Novel by E. L. Konigsburg

The Mysterious Edge of the Heroic World (2007) is a middle-age or young-adult novel by E.L. Konigsburg. It is somewhat a detective story, and some reviews present it as mystery fiction.

Amedeo Kaplan is both new boy and a rich boy in the sixth grade. He longs to discover something "no one" yet knows. He volunteers to help liquidate the portable property of an elderly woman who once sang opera in Europe and finds himself learning more about degenerate art and the German occupation of the Netherlands.
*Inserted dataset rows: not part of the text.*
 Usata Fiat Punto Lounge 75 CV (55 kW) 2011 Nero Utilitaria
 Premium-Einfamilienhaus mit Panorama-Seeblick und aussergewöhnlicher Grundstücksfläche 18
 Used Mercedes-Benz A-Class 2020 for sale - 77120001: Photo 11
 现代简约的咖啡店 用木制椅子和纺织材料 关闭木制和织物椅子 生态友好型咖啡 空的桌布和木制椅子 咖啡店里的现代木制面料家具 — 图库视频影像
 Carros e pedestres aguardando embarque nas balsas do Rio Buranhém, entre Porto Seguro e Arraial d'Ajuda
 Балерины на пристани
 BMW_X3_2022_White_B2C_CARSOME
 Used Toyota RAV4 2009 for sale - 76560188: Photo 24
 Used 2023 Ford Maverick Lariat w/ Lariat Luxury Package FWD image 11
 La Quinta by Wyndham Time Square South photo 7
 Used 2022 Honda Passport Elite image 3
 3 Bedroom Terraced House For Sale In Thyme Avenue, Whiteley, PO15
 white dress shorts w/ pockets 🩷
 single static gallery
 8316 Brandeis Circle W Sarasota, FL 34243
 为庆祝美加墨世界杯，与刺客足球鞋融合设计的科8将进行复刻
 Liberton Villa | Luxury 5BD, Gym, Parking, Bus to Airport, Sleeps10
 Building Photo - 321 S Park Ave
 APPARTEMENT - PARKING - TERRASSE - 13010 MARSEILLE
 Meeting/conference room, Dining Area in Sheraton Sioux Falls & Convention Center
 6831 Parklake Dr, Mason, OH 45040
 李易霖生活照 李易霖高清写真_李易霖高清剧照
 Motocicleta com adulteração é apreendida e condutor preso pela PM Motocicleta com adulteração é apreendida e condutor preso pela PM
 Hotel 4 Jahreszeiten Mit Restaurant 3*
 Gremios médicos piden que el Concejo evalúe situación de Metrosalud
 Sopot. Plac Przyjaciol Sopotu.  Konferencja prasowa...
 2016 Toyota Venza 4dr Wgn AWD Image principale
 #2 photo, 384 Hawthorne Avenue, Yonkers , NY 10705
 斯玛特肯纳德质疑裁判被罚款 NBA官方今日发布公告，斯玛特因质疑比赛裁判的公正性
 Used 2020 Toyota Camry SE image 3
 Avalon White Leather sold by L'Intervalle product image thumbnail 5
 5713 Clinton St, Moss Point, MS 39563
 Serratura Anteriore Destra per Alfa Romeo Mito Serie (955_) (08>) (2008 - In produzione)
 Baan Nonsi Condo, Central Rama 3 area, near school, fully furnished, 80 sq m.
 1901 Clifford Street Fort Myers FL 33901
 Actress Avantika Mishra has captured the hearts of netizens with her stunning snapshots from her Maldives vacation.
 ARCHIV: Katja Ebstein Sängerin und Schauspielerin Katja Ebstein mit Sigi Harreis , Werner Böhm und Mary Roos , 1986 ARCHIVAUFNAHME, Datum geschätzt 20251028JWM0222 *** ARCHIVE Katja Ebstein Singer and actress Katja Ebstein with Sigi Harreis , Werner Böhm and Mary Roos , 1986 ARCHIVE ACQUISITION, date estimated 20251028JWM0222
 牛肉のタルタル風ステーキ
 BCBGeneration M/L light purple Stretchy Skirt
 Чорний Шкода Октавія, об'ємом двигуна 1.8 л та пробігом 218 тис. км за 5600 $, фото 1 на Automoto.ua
The Mysterious Edge is a kind of sequel to The Outcasts of 19 Schuyler Place (2004). Margaret Kane's two executive allies in The Outcasts are Amedeo Kaplan's godfather and mother here, about fifteen years later, and Vanderwaal family history is one aspect of The Mysterious Edge.

==Setting==

Mysterious Edge is set in the present
and primarily in the private residential part of St. Malo, Florida, a fictional navy town. One secondary setting is the art center in Sheboygan, Wisconsin, directed by Peter Vanderwaal. Backstory events occurred in Amsterdam, Vienna, and Epiphany, New York —the fictional city in Greater New York where the Bevilacquas, Roses, and Vanderwaals all lived at 17 to 21 Schuyler Place for a decade or two after World War II.

The Outcasts of 19 Schuyler Place (2004) itself provides some backstory for The Mysterious Edge. Epiphany, New York is the primary setting for two other novels, The View from Saturday and Silent to the Bone.

==Summary==

Amedeo Kaplan and his divorced mother Loretta Bevilacqua have moved from Epiphany, New York to St. Malo, Florida. He is a new boy at school for the first time and does not yet have friends. He is happy to befriend the next-door neighbor Mrs. Zender, an opera singer on the European circuit in the fifties, who retired with a European husband to her childhood mansion in St. Malo. Mrs. Zender plans to move to the retirement community Waldorf Court while she can still afford it. Amedeo volunteers to help liquidate most of her possessions.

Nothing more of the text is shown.